Девушка ещё больше зарылась подбородком в шарф и незаметно выдохнула, бледный пар совсем немного выступил из-за шерстяного покрова и растворился в ледяном дыхании зимы. Она стояла одна, подперев собой утеплённую шерстью и кожей в несколько слоев стену, сжимая и разжимая ладони, дабы они совсем не замерзли, и мечтала уже получить своего тотема, прийти домой, налить себе нектара Илийи*[3], что она специально сохранила для самых сложных и волнительных дней, и раствориться в приятном умиротворении.
Её ровесники или почти ровесники предпочитали полностью игнорировать девушку, если та прятала своё лицо в одеждах, однако если она показывала свои глаза, то тут же начинались разговоры, и случалось, что некоторые пытались её избить, как говорилось, «научить правильным манерам». Они считали, что если уж такому ребёнку позволили жить среди них, то он не должен выставлять напоказ свой недостаток — и девушка отрастила себе длинную иссиня чёрную чёлку, за которой могла бы скрывать свои глаза. Ошибка природы. Челядь. Пролетариат.
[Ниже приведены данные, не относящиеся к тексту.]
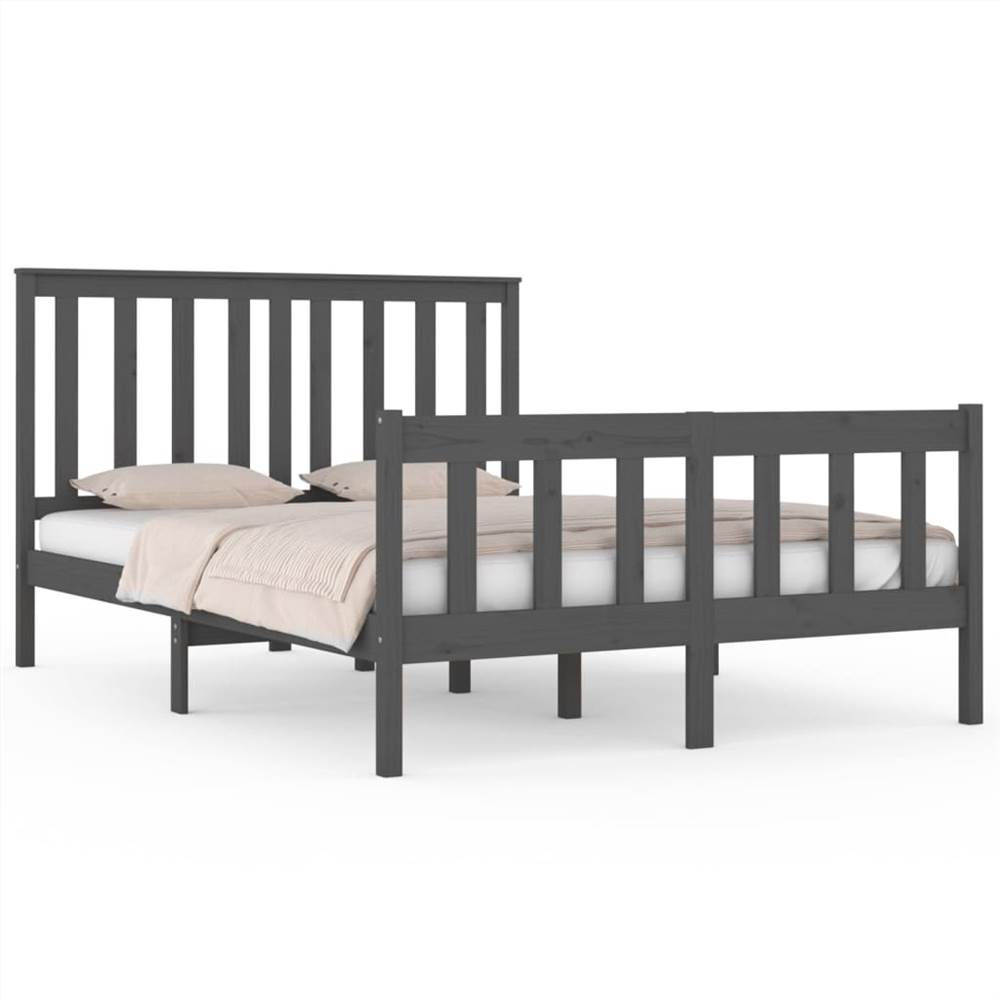 Bed Frame Grey Solid Wood Pine 120x190 Cm 4FT Small Double 7 Bed Frame Grey Solid Wood Pine 120x190 cm 4FT Small Double
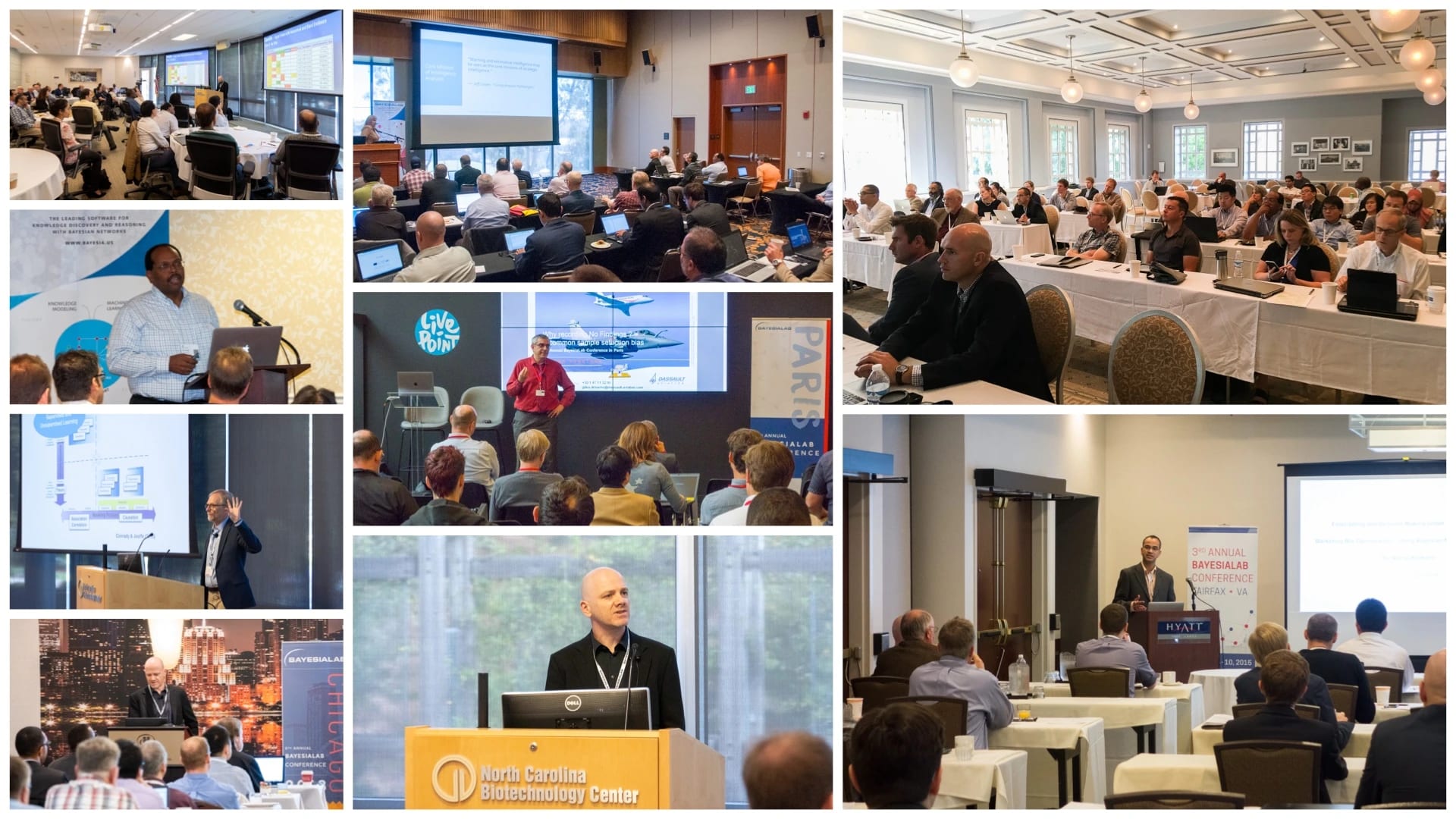 BayesiaLab Conferences in Orlando, Los Angeles, Fairfax, Nashville, Paris, Chicago, and Durham, 2013-2023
Краем души она желала бы по возвращении домой поделиться своими переживаниями с семьей, но она знала, что всё это безуспешно. Отец, как и всегда, был бы хладен и говорил о становлении на новый уровень их клана, старшая сестрица презрительно бы поглядывала на неё и говорила бы, что все эти разговоры, а-ля я смогу стать сильнейшим контрактором в клане, я смогу переплюнуть даже тебя, сестрица — бред. Лишь младший братец бы выслушал её и смог бы посочувствовать ей; правда, девушка и в его глазах видела непонятный ей страх, что был внушён, как и всем остальным, старейшинами, учителями и жителями.
Девушка уже привыкла быть одна. Её ровесники боялись и считали проклятой из-за не поддающемуся анализу явления, что с самого рождения было с бедняжкой. Правда, нашлось пару храбрецов, что не испугались божественного презрения и смогли сдружиться с девочкой, но, на самом деле, и их в некотором смысле считали отбросами. Она страстно желала стать сильнейшей в клане, чтобы получить роль вождя; но вовсе не из-за каких-нибудь задних мыслей или мести, девочка думала, что сможет защитить свой клан, она хотела его защитить, даже несмотря на то, как к ней в нём относились. Она хотела стать полезной, чтобы больше никто не считал её ребёнком несчастий.